Sospecho que no durará mucho aquí en Texas.

Enid abrió la boca para protestar pero King no quería discutir con su madre delante de sus anfitriones, así que, antes de que ella pudiera decir nada, preguntó a Darcy:

-¿Bailamos?

Ted resultó tan amable y cortés como Amelia había imaginado. Mientras bailaban hablaron del Este, donde él viajaba a menudo por negocios.

-Conozco Atlanta muy bien. Pronto se convertirá en una ciudad próspera.

Ofrece muchas posibilidades de inversión.

-Es una locura vivir en una gran ciudad. Prefiero la amplitud de los territorios de Texas, aunque El Paso no es una ciudad pequeña. ¡Es muy fácil perderse entre sus calles!

-No lo dudo. Señorita Howard, ¿le importaría que un día fuera a visitarla?

-En estos momentos estoy viviendo con los Culhane -contestó-. Además, mi padre lleva fuera de la ciudad unas semanas. No me parece correcto recibir visitas en una casa que no es la mía. Preferiría que esperase a que mi padre regresara.

Vivimos en El Paso.

-Lo comprendo. No se preocupe.

En ese momento sus miradas se cruzaron con la de King, que les observaba abiertamente.

-El señor Culhane me detesta -dijo Amelia-. Mi padre pretende que me case con su hermano Alan pero King no lo aprueba porque cree que no soy la mujer más adecuada.

-De veras?

Ted conocía a King desde hacía mucho tiempo y nunca le había visto expresar el mínimo desagrado por una mujer, y menos por una tan bonita como Amelia.

cuando menos, curioso.

-Perdóneme -le dijo Amelia, azorada-. Creo que he hablado demasiado... He estado muy nerviosa esta semana.

-No se preocupe.

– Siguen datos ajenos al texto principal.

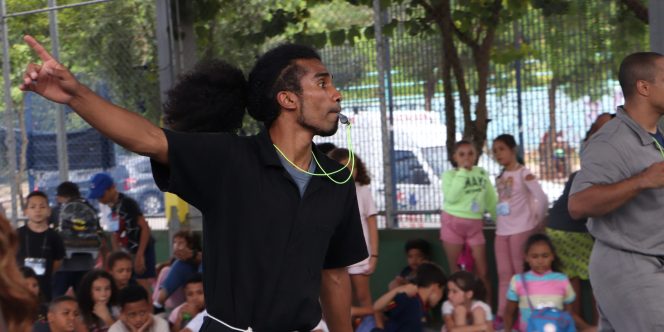 Mover para Si! - Crédito: Ed Ogawa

Baila usted maravillosamente.

-Gracias. Hacía mucho tiempo que no bailaba y antes sólo se me permitía hacerlo con mi hermano. Bonita música, ¿verdad?

-Desde luego. El chico del violín es mi hermano y el de la flauta mi cuñado.

-¿De veras? Y usted, señor Simpson, ¿no toca ningún instrumento?

-Me temo que no. ¿Y usted?

-Yo toco un poco el piano -contestó Amelia-. En realidad es mi única habilidad.

Prefirió no dar más detalles. Ese hombre era amigo de King y no le interesaba que él se enterara de que ella no era tan despreciable e insignificante como creía.

Lo que menos quería era convertirse en objeto de interés para King. Darcy se lo podía quedar para ella, si eso quería... pero ¿por qué no dejaba de mirarla?

-Me niego a creer que una mujer tan encantadora sólo tenga una habilidad

-replicó Ted-. Me encantaría averiguar cuáles son las otras.

-Si mi padre no tiene inconveniente, estaré encantada de disfrutar de su compañía-dijo Amelia con escasa convicción.

-Será un placer -contestó él atrayéndola hacia sí. Le sonrió mientras, al otro lado de la habitación, un hombre alto de ojos plateados hacía grandes esfuerzos para contener sus impulsos asesinos.